Sua lógica é brutal: tornar impossível que 12 milhões de indocumentados nos EUA ganhem seu sustento - para comprar comida, pagar o aluguel ou mandar dinheiro para os filhos em seus países de origem. Assim, eles mesmos vão se deportar. Quando suas famílias souberem que não eles não conseguiram trabalho nos EUA, não vão querer se juntar aos que já estão lá.
Esta lógica desumana convenceu o Congresso a aprovar a Lei de Reforma e Controle da Imigração em 1986. Há 25 anos, os empregadores têm de verificar o status de imigração dos trabalhadores e não podem empregar legalmente pessoas sem documentos. O verdadeiro impacto, contudo, recai sobre os trabalhadores. Virou crime ter um trabalho.
Mas isso não levou os imigrantes indocumentados a deixar os Estados Unidos. Ao longo desses 25 anos, o Nafta, o Cafta e reformas pró-corporativas no México e em outros países em desenvolvimento agravaram profundamente a pobreza que expulsa as pessoas de suas casas. Vieram para os EUA mais pessoas que nunca.
Entre elas estavam aqueles 600 trabalhadores, a maioria do México, que ganhavam salário mínimo servindo comida mexicana na Chipotle. Muitos trabalharam durante anos para a companhia. E então o Departamento de Segurança Interna auditou os registros de pessoal da Chipotle, encontrou números incorretos da Seguridade Social e, em dezembro, enviou à empresa uma lista de trabalhadores que teriam de ser demitidos.
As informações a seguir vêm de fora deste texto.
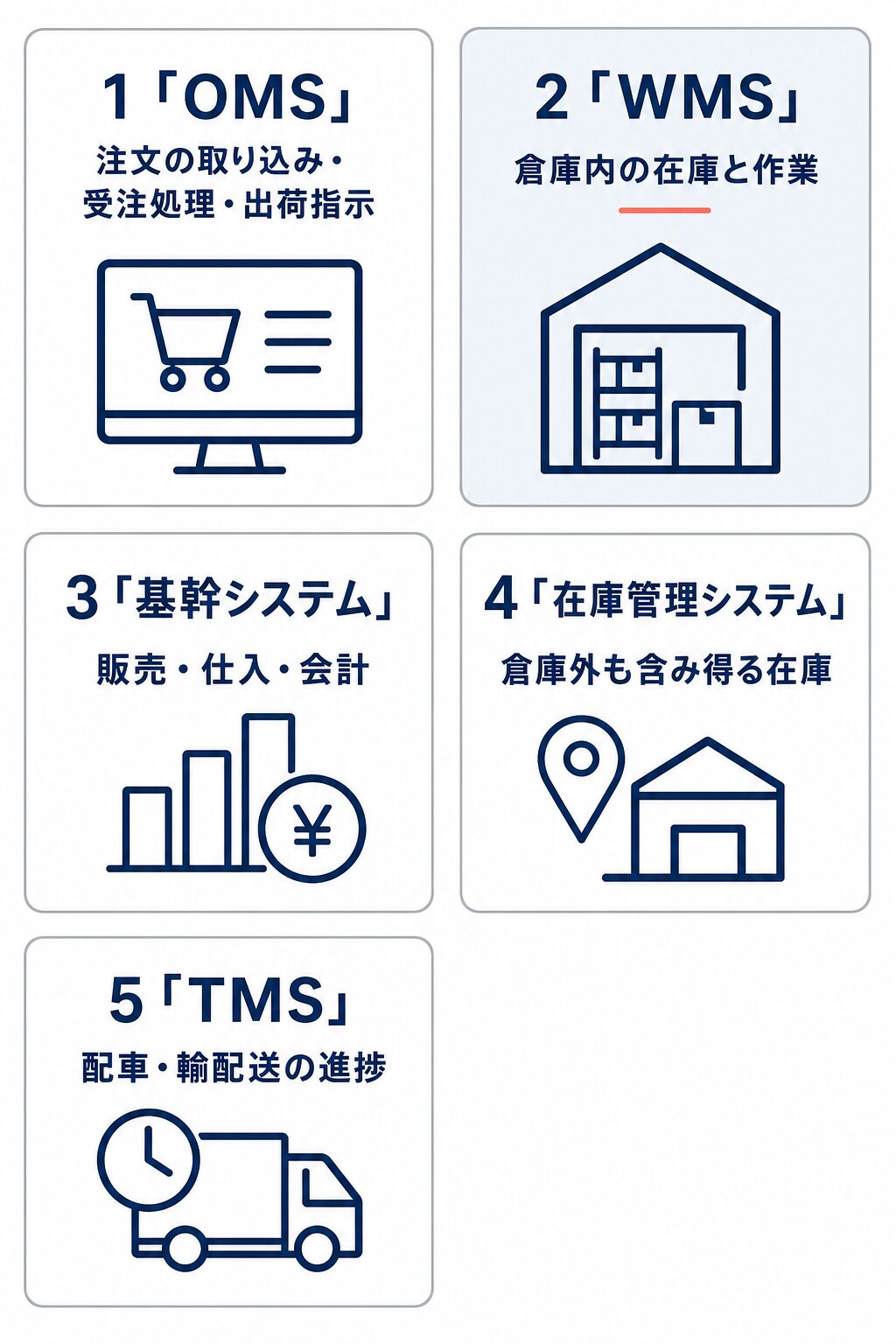 OMS、WMS、基幹システム、在庫管理システム、TMSが主に管理する領域を5枚のカードで整理した図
Alejandro Juarez, que trabalhava no restaurante Calhoun Lake, em Minneapolis, conta que seu gerente lhe disse que não se incomodasse em aparecer no dia seguinte. Ele passara cinco anos limpando e consertando os fogões, grelhas e refrigeradores, por US$ 9,42 a hora. "A empresa nos usou", diz ele. "Quando passamos a não servir mais, eles nos jogaram fora como lixo."
John Morton, diretor da Agência de Imigração e Alfândega (ICE, na sigla em inglês), afirma que o órgão planeja muitas outras demissões em massa. O website da ICE diz que os alvos são empregadores "que usam trabalhadores ilegais para baixar os salários (...) [aqueles] que tendem a pagar salários abaixo do padrão aos trabalhadores ilegais ou submetê-los a condições de trabalho insuportáveis".
Mas na Chipotle, assim como em todos os outros alvos de sanções, as condições de trabalho nunca melhoraram. Os salários permanecem os mesmos. Na verdade, embora Morton afirme que a ICE recolheu US$ 7 milhões em multas a empregadores em 2.740 auditorias, aqueles que cooperaram demitindo trabalhadores receberam imunidade. As únicas pessoas penalizadas foram os trabalhadores.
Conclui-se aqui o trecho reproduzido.